The Glasgow School of Art’s Institute of Design
Innovation (InDI) is commissioning the project through the Digital Makers
Network, an initiative of the Creative Futures Partnership, a joint venture
between the GSA and Highlands and Islands Enterprise (HIE).
The
network explores the role of new digital design and manufacturing technologies
in creative rural enterprises, and researches the future for manufacturing
across the Highlands and Islands of Scotland.
The
Digital Makers team is looking for proposals from individuals or groups that
combine new technology, such as 3D printing, with traditional methods of making in order to design and produce new
products or processes. People working in all disciplines are welcome to apply,
e.g. a ceramicist interested in incorporating laser-etched leather into their
work or a jeweller keen to use 3D printing to develop new products.
In particular, the team is interested
in hearing experimental ideas that challenge the capabilities of digital
manufacturing technologies. Proposals might focus on using new technology to
innovate a process; adopting new materials into current ways of making, or developing
new hybrid products that combine traditional production with digital
manufacturing.
The successful commission will receive
a £750 award to cover access to new technologies and materials and develop
their idea to at least the prototype stage.

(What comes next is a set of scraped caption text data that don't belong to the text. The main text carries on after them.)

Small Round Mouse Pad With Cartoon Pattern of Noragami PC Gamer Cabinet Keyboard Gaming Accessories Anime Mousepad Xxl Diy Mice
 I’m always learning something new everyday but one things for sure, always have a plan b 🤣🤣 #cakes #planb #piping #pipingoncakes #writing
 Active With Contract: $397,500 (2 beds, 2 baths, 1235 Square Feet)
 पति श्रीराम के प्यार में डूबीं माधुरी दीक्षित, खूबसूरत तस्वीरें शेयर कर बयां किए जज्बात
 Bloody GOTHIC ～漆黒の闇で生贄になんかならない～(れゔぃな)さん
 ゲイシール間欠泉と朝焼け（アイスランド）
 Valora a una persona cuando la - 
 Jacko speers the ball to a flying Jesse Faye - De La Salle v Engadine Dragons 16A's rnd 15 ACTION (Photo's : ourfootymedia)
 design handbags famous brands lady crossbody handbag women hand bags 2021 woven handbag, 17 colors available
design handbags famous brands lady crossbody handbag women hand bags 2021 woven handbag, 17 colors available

InDI’s Digital Makers team will
also provide support during the project.
We are excited about this award and looking forward to
working with some great talent
,” says Dr Paul
Smith, research fellow at InDI who leads the Digital Makers project. “There are some excellent artists, designers
and makers in the region, and we can’t wait to see what is possible when
you innovate from tradition.”
“The
Digital Makers award will stimulate valuable research for the Creative
Industries in the Highlands and Islands and beyond,”
adds Iain Hamilton, Head of Creative
Industries at HIE. It will also give people in the region
an opportunity to experiment with these technologies and apply
them to their own businesses. We are
really looking forward to seeing the results”
The
commission call will open on 23 March and run until 20 April. The successful
project is expected to run for approximately three months.
Commissions
will be exhibited as part of the Digital Makers dissemination plan and insights
from the process will contribute to the research aims of the project.
Those
interested in submitting a proposal should contact Paul Smith at InDI for an
informal discussion. p.smith@gsa.ac.uk
For
further details of the project see Notes for Editors
Ends
Further information,
images and interviews contact:
GSA Press and Media
Relations
0779 941 4474
Notes for Editors
The
Digital Makers Network is a research project within the Creative Futures
Partnership between the Glasgow School of Art and Highlands and Islands
Enterprise.
The Creative Futures Partnership
The Creative Futures Partnership (CFP) is a
pioneering partnership between The Glasgow School of Art (GSA) and Highlands
and Islands Enterprise (HIE). It has been established to deliver
transformational benefits for the Highlands and Islands of Scotland. 
The CFP
combines the GSA’s strengths in creativity and innovation with HIE’s economic
and community development expertise. Through research and teaching programmes,
the partnership is committed to the long-term and sustainable development of a
creative, entrepreneurial and internationally connected region.
 
Design
Research in the Highlands and Islands
The Institute of Design Innovation (InDI) is a
research institute within The Glasgow School of Art, which has been based in
Moray for more than four years.

InDI researches the new qualities of design that
are needed to co-create the contexts in which people can flourish: at work, in
organisations and businesses, in public services and government. InDI’s wide
research portfolio covers the thematic areas of Work, Wealth and Wellbeing.